De un día para otro y sin previo aviso, el que se definía como “mayor minorista de motos usadas de Europa” ha cerrado sus puertas y se encuentra en lo que sería algo como “administración concursal”. Todo desde este pasado lunes, cuando la cadena de motos usadas británica Superbike Factory echó el cierre.
Una situación peculiar que nos recuerda lo frágil del mercado, y como todo se puede estropear rápidamente cuando se gestiona un gigante y se cometen errores empresariales o surgen imprevistos. Aunque la situación en este caso, del que fue el más grande acaparador de Europa de motos usadas, es más un problema financiero.

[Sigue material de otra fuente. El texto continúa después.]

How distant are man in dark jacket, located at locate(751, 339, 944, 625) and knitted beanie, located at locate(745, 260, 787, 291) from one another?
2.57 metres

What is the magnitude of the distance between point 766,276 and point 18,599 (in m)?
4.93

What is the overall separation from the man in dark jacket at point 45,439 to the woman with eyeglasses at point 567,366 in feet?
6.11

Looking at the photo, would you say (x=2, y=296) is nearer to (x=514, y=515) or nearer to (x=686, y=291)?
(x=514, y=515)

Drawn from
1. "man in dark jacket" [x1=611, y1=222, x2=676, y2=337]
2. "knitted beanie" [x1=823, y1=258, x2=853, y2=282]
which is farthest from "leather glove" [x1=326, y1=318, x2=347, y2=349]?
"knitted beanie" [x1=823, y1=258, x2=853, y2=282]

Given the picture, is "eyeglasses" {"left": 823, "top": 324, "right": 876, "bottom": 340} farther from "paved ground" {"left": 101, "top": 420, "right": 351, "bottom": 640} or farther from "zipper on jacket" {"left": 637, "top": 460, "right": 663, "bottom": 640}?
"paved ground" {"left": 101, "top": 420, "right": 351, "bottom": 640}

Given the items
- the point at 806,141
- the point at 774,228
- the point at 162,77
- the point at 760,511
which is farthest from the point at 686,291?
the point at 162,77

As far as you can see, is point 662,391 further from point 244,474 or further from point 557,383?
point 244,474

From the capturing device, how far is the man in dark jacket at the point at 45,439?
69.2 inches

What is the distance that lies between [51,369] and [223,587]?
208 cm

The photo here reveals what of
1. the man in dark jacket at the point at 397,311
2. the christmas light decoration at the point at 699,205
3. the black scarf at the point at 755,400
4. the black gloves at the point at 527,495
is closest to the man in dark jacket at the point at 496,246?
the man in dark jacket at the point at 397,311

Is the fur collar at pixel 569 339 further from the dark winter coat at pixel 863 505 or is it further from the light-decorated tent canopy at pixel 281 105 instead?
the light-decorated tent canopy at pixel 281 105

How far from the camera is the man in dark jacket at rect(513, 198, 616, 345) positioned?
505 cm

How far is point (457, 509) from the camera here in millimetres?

Y es que, tal como revelan las últimas cuentas disponibles, correspondientes al periodo de 2024, la compañía consiguió vender 15.036 motos, un crecimiento importante con respecto a 2023 cuando esa cifra se situó en 13.588 unidades. Visto desde fuera la sensación es que había un crecimiento importante y todo estaba funcionando.
Pero la realidad es más compleja y es que esas ventas supusieron un total aproximado de unos 83 millones de libras (unos 97 de euros), mientras que en 2023 esos ingresos fueron cercanos a los 82. Es decir, vender más de 1.500 motos extra solamente supuso un incremento de ingresos de 1 millón de libras.
La empresa presumía de tener el mayor stock de Europa
Aun así, el problema de Superbike Factory parece que no estaba tanto en sus ventas sino en las pérdidas que acumulaba, y que en 2023 fueron de 6,8 millones de libras para pasar a los 18,28 millones en 2024. Es decir, a pesar de aumentar ventas a la par aumentaba y notablemente, el dinero que perdían.
Copaban el mercado, pero los números no acompañaban ¿Por qué?
Esto ha sido posible porque, detrás de esta firma, estaba una empresa de capital privado que le proporcionaba apoyo financiero para crecer con inversiones en nuevas instalaciones y, también, para hacer frente a la pérdida operativa. Las causas que han generado que una empresa, que nació en 2010 y fue creciendo y creciendo durante años de manera paulatina antes de “explotar”, no están especificadas.
Lo que sí parece seguro es que, tal como recogía su informe de 2024 y que comparten los compañeros de Ride Apart, eran conscientes que un riesgo clave era contar con proveedores de financiación para ofrecer los servicios a los clientes. Y parece que por ahí puede venir el problema real. Desde hace un tiempo en Reino Unido es obligatorio que se diga cuánta comisión se lleva el concesionario por gestionar la financiación.
Eso abre la puesta a una mera especulación de que, quizás, el negocio estuviera basado en gran parte en la financiación de los vehículos, tal como pasa actualmente en el mercado automotriz donde la venta de préstamos suponen un ingreso importante para las tiendas y concesiones.
¿Habrá más casos similares? No es algo que se pueda descartar
Al final, gestionar una empresa siempre resulta complicado, pero cuando se juega con márgenes estrechos para ser competitivos y aplastar a la competencia y el negocio se sostiene con la mínima, un cambio por mínimo que parezca, puede dar al traste con todo.
¿Está detrás el interés de los grupos inversores de este colapso y del incremento imparable de precios en los modelos de segunda mano? Esa respuesta da para un análisis más extenso, pero solamente tienes que echar un vistazo alrededor en el mercado de VO ,ya sea de motos o de coches, para sacar tus propias conclusiones.